I found that if you hold back you are going to look like a muppet, it's not going to look great at all, so I really just went mental. I just hit that deck and screamed and wriggled. I don't even remember how I did it, or what I did. Everything that I was taught beforehand went out of the window, because I was taught by a lady who choreographed the actual transformation, but I didn't listen to her, I just said: "Alright love" and then when I got to the day I did my own thing, really. But it's half enjoyment, half serious pain.

Is it nerve-wracking doing those kinds of scenes, or do you quite enjoy it?

Well, I think it's great. I like scenes where you can scream your heart out because it is a release and once I have done it I feel wonderful, it's as though I have had a big emotional hit.

When we were doing one scene I kick off against the vampires. I was surrounded by all these vampires and Colin the director whispered in my ear: "On this one mate, go mad. You see all these vampires screaming and your dad comes walking in the room. I want you to get confident and just go mad." And I did, I went absolutely ape and I felt great after it. But then they said: "Right, let's do another one."

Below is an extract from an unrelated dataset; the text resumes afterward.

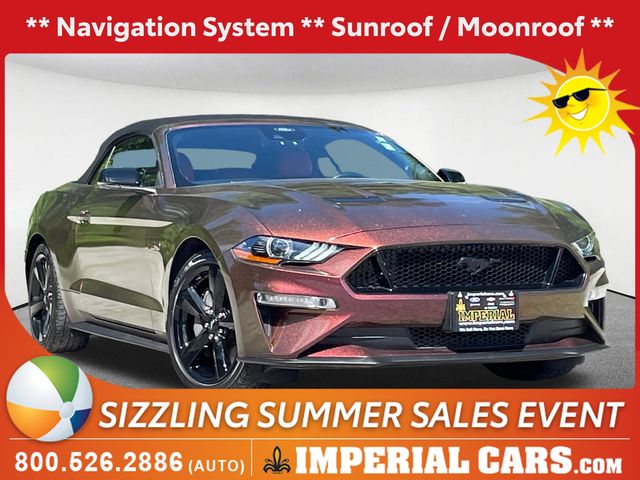 Iconic Silver Metallic 2022 Ford Mustang Convertible Rear-Wheel Drive Automatic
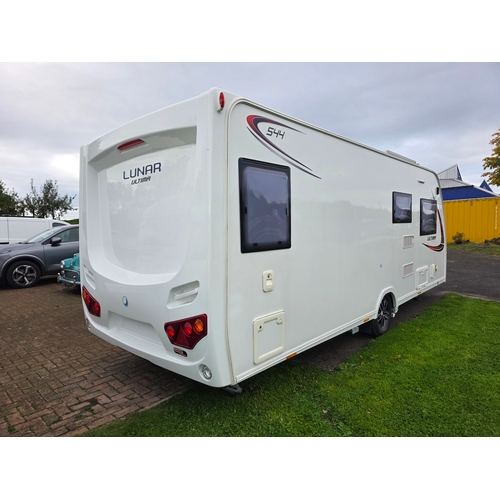 251 - 2018 Luna Ultima 544 caravan. Chassis number SGLS 000LUJ1039558.Sold with the service book, manuals,...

I did two and it was just wonderful to do, it was amazing. Honestly, without exaggerating or sounding clichéd, it really is therapy.

What was it like working with Robson Green, as you work very closely with him because he plays your dad?

It was wicked. I was a bit nervous before I met him because I thought he is massive! He's a star, my mum really fancies him! But then within minutes of meeting him I was reassured by his wonderful personality. When he is on that set he's always got something to say about the situation that's relevant for me and him and I listen to him whether he is talking to me or not.

And I think: "He is right, actually." I learnt quite a lot from him when he did his transformation. I watched him first during the rehearsals and I thought: "Oh, I've got to do that." With his reassurance and performance I managed to do the transformation nearly as good as his.

What's the atmosphere like on set?


It's just a laugh when we are not working. Russell makes me laugh so much, he is very funny. It's comforting, like I said I was nervous but every single one of them just made me feel good and easy, so I felt like I fitted in straight away and everybody else who works there, like all the crew, are just magnificent, they have really embraced me.

How would you describe this series to fans of Being Human and for people who have not seen it before, what can they expect next?


There is always an undercurrent of something awful just waiting to happen in this one, I think, just little awful, awful things.